Don’t Buy the Newest Gadgets
The all-new Apple iPhone 3GS was just released. According to Apple it is the fastest, most powerful iPhone ever – it can launch websites and applications twice as fast, has voice control, satellite mapping with GPS, a built in compass, the ability to take pictures, videos, write text messages and send them all to your friends in the blink of an eye. It can also go to the DMV for you and fill out your paperwork. (That’s a joke.)
As a downshifting rat race escapee, it’s difficult to get me to buy anything I don’t need. As a web developer who constantly needs to be on top of his game when it comes to new technology, I can’t just ignore the new toys that come out. If I did, I’d risk not knowing something potentially valuable that my clients might want me to use while building a site. I’ve recently had to get into Twitter (something I didn’t like at all at first) for just this reason.
But even I understand how alluring and tempting some of these ad campaigns are. Just go to Apple’s homepage and today (March 18th, 2010) you can see the huge new iPad ad. It looks so sleek, elegant and important. “I want to be sleek, elegant and important” we think. So, we buy an iPad, thinking less about whether or not we need an iPad and more about how it will make us feel about ourselves.
For a long time I had a cell phone that came out in 2001. It did what it was supposed to do – I could call people, send them text messages, and it even had speed dial. I learned to value these functions and was able to make use of all three of them frequently. The phone finally died last year, so I was forced to upgrade. I saved money by purchasing an old model from 2006. This one takes pictures and has voice dial. I don’t use the last function. I would argue that owners of this new iPhone will not use 85% of the functions that the phone is capable of performing throughout the course of ownership.
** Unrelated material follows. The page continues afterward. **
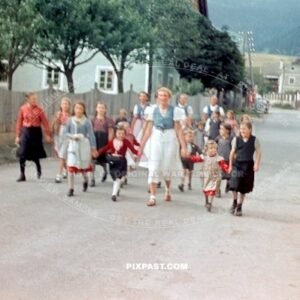 School group of little girls with their teachers go on trip outside of Klagenfurt am Worthersee Austria 1939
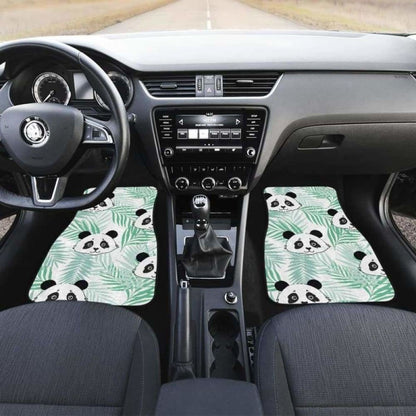 Panda Pattern Tropical Leaves Background Front And Back Car Mats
Some of these phones go for about $200, while my simple phone from 2006 was about $60.
And I’m getting far more worthwhile use from this phone.
Do I really need to be able to check my e-mail while I’m sitting at a restaurant? Or play video games on my phone while on the bus? If I want to do these things, I can go home and do them. I can get on my laptop to check the internet, or I can go to an arcade to play video games (if I want to be a kid again!)
If you really want to try downshifting your life, and save money while you are at it – join the bandwagon. Don’t buy the newest gadgets. Make sure that everything you own has a purpose. If you have an item that’s just sitting on the shelf collecting dust, then you don’t need it! But if you have a perfectly good cell phone that does what it’s supposed to do, why upgrade?
Your hi-tech, sleek, pretty new gadget doesn’t make you hi-tech, sleek and pretty. It just makes you a person with a high-tech, sleek and pretty gadget that is $200 poorer and needs to work on his self-esteem.